Simplification Evaluation
For automatic evaluation of SS models, there are currently only two simplification-specific metrics: SARI (focused on paraphrasing) and SAMSA (focused on sentence splitting). However, as mentioned in Section 1.2, humans perform several more transformations that we are not currently measured when assessing a model’s output. The transformation-specific evaluation presented in this article is merely a method for better understanding what the SS models are doing, but it is not a metric in its whole sense. We believe that more work needs to be done in improving how we evaluate and compare SS models automatically. Research on Quality Estimation has shown promising results on using reference-less metrics to evaluate generated outputs, allowing the automatic assessment to speed-up and scale. This line of work has started to be applied for simplification (Štajner et al. 2016; Martin et al. 2018), and we believe it needs to be explored further. In addition, human-based evaluation has been limited to three criteria: grammaticality, meaning preservation, and simplicity. Are these criteria enough? Would they still be relevant if we moved to a document-level perspective? Would assessing the usefulness of the simplifications for target users (Mandya, Nomoto, and Siddharthan 2014) be a more reliable quality measure? We believe these are questions that need to be addressed.
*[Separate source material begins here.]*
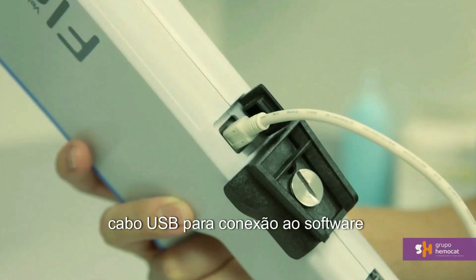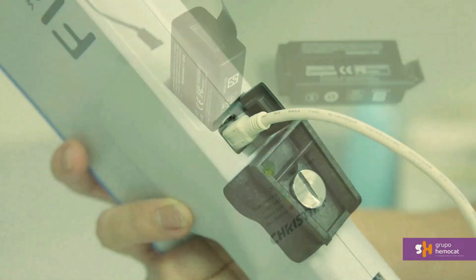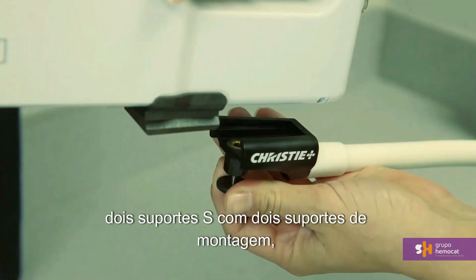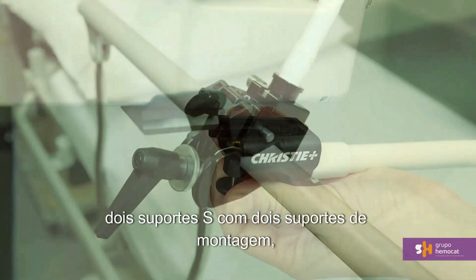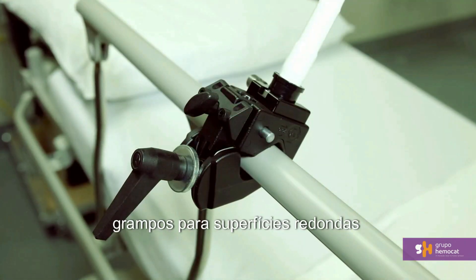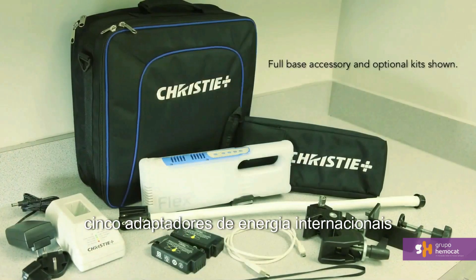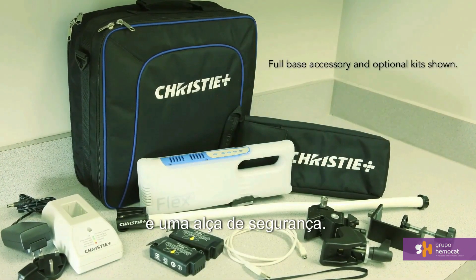The base accessory kit comes equipped with a nylon storage case, USB cable for connecting to the application software, two batteries, a battery charger, two S-mounts with two mounting brackets, the super clamp for round or square surfaces, the C-clamp for deeper or beveled edges, five international power adapters, and a wrist strap.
Text Simplification is a research area with significant application potential. It can have a meaningful impact in people’s lives and help create a more inclusive society. With the development of new Natural Language Processing technologies (especially neural-based models), it is starting to receive more attention in recent years. However, there are still several open questions that pose challenges to our research community. We hope that this article has helped provide an understanding of what has been done so far in the area and, more importantly, has motivated more people to advance the current state of the art.
Notes
Wiktionary is a free dictionary in the format of a wiki so that everyone can add and edit word definitions. Available at https://en.wiktionary.org.
In Quality Estimation, the goal is to evaluate an output translation without comparing it to a reference. For a comprehensive review of this area of research, please refer to Specia, Scarton, and Paetzold (2018).
At the time of this submission only a subset of 70 sentences had been released from HSplit. However, the full corpus will soon be available in EASSE.